It looks like the whole city is poised to get RED and BLACK again.

The official grand opening of the new Lansdowne Park, complete with a revitalized stadium, an 18-acre urban park, shopping and event places, is coming up on August 16 – but the most appealing component is already open, accessible, and thriving.

This past Friday, July 18, the city’s newest sports and entertainment destination –TD Place Stadium at Lansdowne Park– was at full capacity (in the thousands) to welcome the Canadian Football League back to Ottawa with open arms!

Evidently Ottawa has been longing for another team to get behind since the CFL left us back in 2006 with the end of the Ottawa Renegades.

Enthusiastic fans turned out in droves to catch the Ottawa Redblacks historic home opener; which saw them beat the Toronto Argonauts 6-3.

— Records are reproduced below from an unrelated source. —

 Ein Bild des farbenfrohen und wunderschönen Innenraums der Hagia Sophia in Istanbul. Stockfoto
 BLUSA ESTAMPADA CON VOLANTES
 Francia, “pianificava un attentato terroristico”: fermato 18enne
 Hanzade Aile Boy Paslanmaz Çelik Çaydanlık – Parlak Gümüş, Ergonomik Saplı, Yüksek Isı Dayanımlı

But when the days are this long and the weather this great, football and other contact sports are seldom reserved for spectating. If you’re one of the hundreds of urban professionals or families with young kids playing team sports this summer, by now you’ve probably run into the dreaded dirty uniform problem.

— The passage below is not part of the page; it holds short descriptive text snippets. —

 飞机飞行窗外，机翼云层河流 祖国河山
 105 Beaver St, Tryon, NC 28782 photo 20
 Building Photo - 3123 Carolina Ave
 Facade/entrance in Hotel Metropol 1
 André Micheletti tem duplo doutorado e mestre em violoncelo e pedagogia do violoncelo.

If you’re trying to save a few bucks, here’s three common outdoor team sport stains that strike and a simple DIY remedy you can try at home care of

  • GRASS STAINS: A staple in any outdoor sport. To remove grass stains, first pre-treat the stain with a heavy-duty liquid detergent. Rinse well and then soak the garment in a solution of warm water and all-fabric non-chlorine bleach for at least one hour. Launder as usual.
  • SWEAT STAINS: You can pretty well count on this one happening. Try one part baking soda, one part hydrogen peroxide, one part water. Make a solution of the three ingredients. You will need about 1/4 cup each of baking soda, hydrogen peroxide and water to treat one shirt. Protect your countertop or work area with a thick white towel, rub the 1:1:1 solution into stains and allow to work for at least 30 minutes. Use an old soft toothbrush or bristle brush to loosen any residue and then wash as usual in warm or cold water.
  • BLOOD STAINS: Let’s face it. The more contact in the sport, the more likely you’ll see a little blood shed (even if only from a skinned knee or elbow). Fresh protein stains like blood can be removed by soaking and agitating or rubbing the stain in cold water before washing. These stains contain other ingredients but protein needs treatment first. Never use hot water because it cooks the protein making the stain hard to remove. If the stain is dried or old, scape or brush off any crusted matter, then soak in cold water using a liquid detergent with color-safe bleach. After pre-soaking for 30 minutes and launder in warm (not hot) water with detergent. If stain remains, soak an additional 30 minutes, then rewash.

Sadly, none of the above tactics are guaranteed, which is why at the end of the day we always recommend bringing your sports gear to us! As even our local Sochi 2014 Olympic competitor can tell you, our cleaning expertise are simply unparalleled.

Hope to see you (in clean clothes!) cheering on the Redblacks at their next home game –  Saturday, August 2!